Scientists sign up to view book of life

February 23, 2001

British universities are to seal six-figure deals with Celera, the commercial rival of the public Human Genome Project, to give their scientists access to the company's genetic databases.

The names of the institutions involved, which may include at least one consortium, have not been released, but the first two subscriptions should be finalised this week.

Celera, which last week published a full sequence of the human genome a day after the HGP, claims to be negotiating similar deals with other European institutions and several British government agencies.

Although Celera's academic subscription rate is far lower than its rate for commercial firms, which pay between $5-15 million, the cost is not insignificant.

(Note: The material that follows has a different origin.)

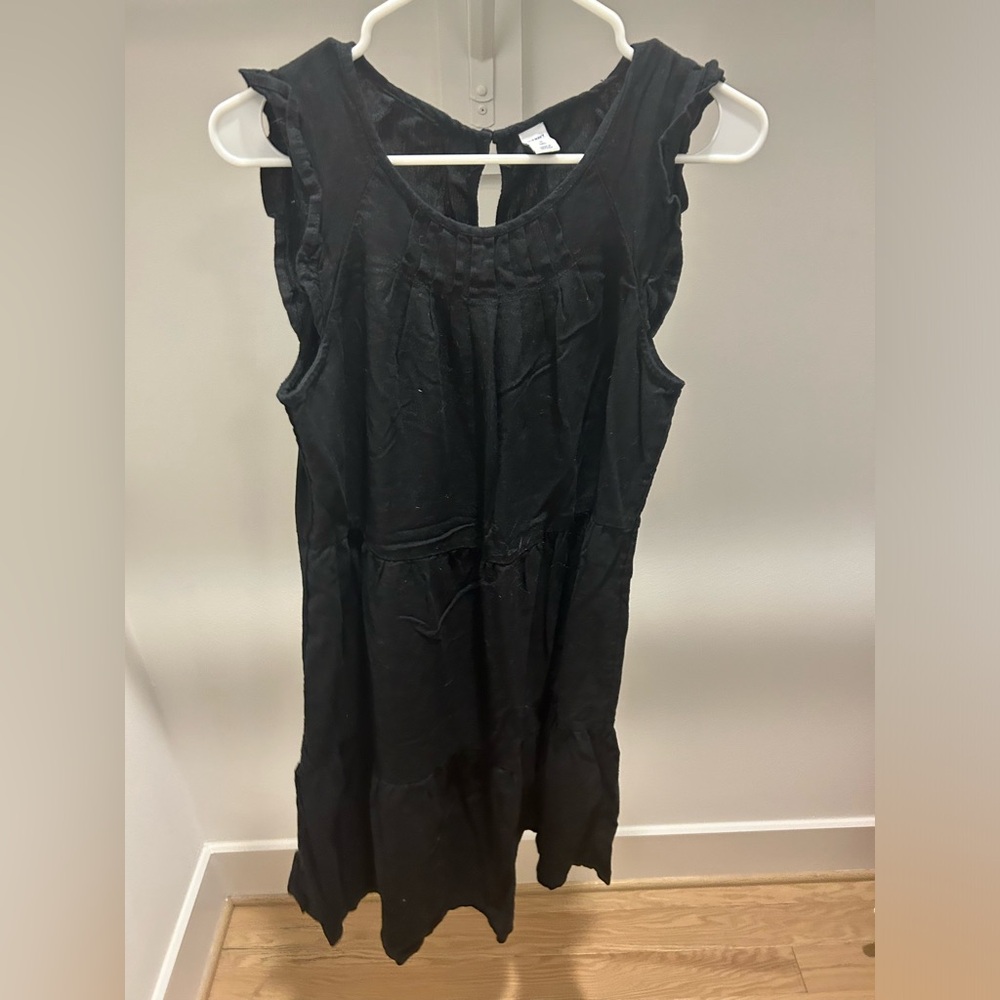 Old Navy, black dress size medium tall
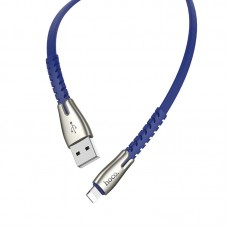 Кабель Hoco U58 Lightning 1.2m 2.4A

The  minimum academic subscription is for ten named users at an annual charge of $15,000 each for three years.

John Lewis, Celera's academic sales director, said subscription would give scientists access to the genetic book of human life, which draws on both Celera's and the HGP's sequencing efforts, with 26,000 genes identified and referenced to those proteins known to be linked to each one.

Mr Lewis said that deals with Celera would not tie scientists to the company: "Academic researchers are free to exploit what they find, as long as the value remains with the university investigator."

Celera's academic subscribers in the United States include Yale, Harvard and Vanderbilt universities. The Australian government has brokered a national deal and the Max Planck Society in Germany is among European organisations that have signed up.